What you actually did

Dgraph currently has query timeouts or cancellations. But this only returns a message saying the query was cancelled and does not returns any actual data of what it was able to process within the timeout.

Why that wasn’t great, with examples

One of the queries I want to run is a recursive query. It tries to go deep enough into the graph to return results. I want to be able to run a query where the query should stop after finding N connected nodes or if it hits a timeout.

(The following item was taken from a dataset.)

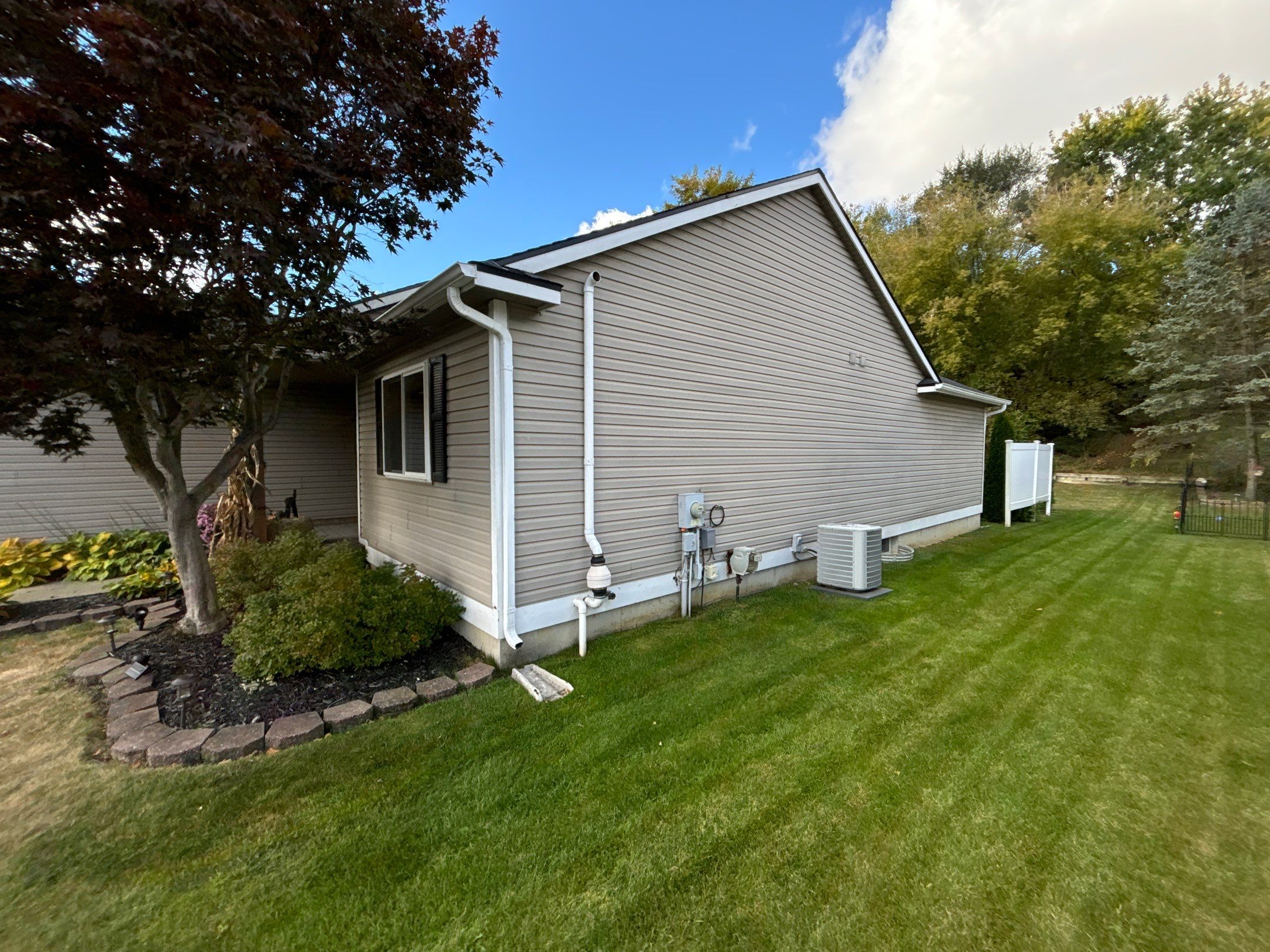 Siding Replacement using Alside Charter Oak D4.5" Riveria Dusk by 180 Contractors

One thing I can do today is run the recursive query multiple times with an increasing depth argument. But there’s no way to set a time limit while also getting a result if the time limit is reached.

{
  q(func: eq(id, "...")) @recurse(loop: false, depth: 2) {
     id
     connects
     ~connects
  }
}

Any external references to support your case

Gremlin has a .timeLimit() and .limit() steps that can be used to do this trimming that has been key to doing traversal timeouts with result limits in other systems.

Example:

GraphTraversal t =  traversal()
                .withRemote(DriverRemoteConnection.using(client))
                .V(identifiers)
                .repeat(timeLimit(queryTimeout)
                        .out()
                        .hasLabel("connection")
                        .in()
                        .dedup()
                        .by(id())
                        .simplePath()
                        .timeLimit(25))
                .until(hasLabel("id"))
                .limit(maxResults)
                .id();

Adding a couple of ideas here.

Use the context library

We continue using the context library for timeouts but intercept the deadline exceeded errors and instead return whatever was retrieved by that point.

This approach seems easier to implement as it would not require changes to the parser or the query language. However, the disadvantages of these approach are that a lot of the error handling code would have to change and there’s the possibility that forgetting to handle those errors in some places would lead to the error bubbling up.

Implement this feature into the query language

Introducing a new directive @timelimit that can be set at any node in the query. The value passed to it would be the limit that processing that subgraph should take.
For example, the query in the previous post would look like.

{
  q(func: eq(id, "...")) @recurse(loop: false, depth: 2) @timelimit(1s) {
     id
     connects
     ~connects
  }
}

Internally, the subgraphs would include the timelimit and a start date and compare the dates before doing anywork. If the maximum time has elapsed, an empty result is sent instead of a “deadline exceeded” error that propagates through the call stack.

Ideally, the directive can be included at any level of the graph. This requires that we define the behavior when a subgraph includes the directive and a parent of this subgraph includes a different value for it.

This option requires more changes but also is more flexible, as it allow us to have different limits for specific subgraphs and a similar mechanism could be use to expand to other types of limits.

Both solutions are a soft limit. In the case of the context based cancellation, the deadline is currently checked before doing the task. For the other approach, the check would also need to happen before. So it’s possible that queries run for longer if the last level of the graph takes more to process than the time left for processing.

Could we see what that might be? Seems like this is a simpler approach that will apply to /GQL as well since they only support native GQL. Your other approch will be GQL± specific, right?

If we go down this path, maybe a simpler initial feature would be 1 global time limit instead of time limit at each level / sub-graph.

Right. See if one global time limit at root meets @dmai requirements and brings us on par with Gremlin.

Is there a way to “estimate” the query cost of a sub-graph based on the structure of the sub-graph itself.

Other notes:

  1. What about multiple query blocks? var blocks?
  2. How can we make this applicable to GQL and GQL±.
  3. We need to have some way of encoding that the timelimit was reached (or not). (maybe in the response’s extensions struct which has other stats".
  4. With time-limit, the queries output will now be non-deterministic. So need to be cognizant of this.
  5. What granularity of timelimit do we allow? second, ms, micro?

@pawan should also look at this.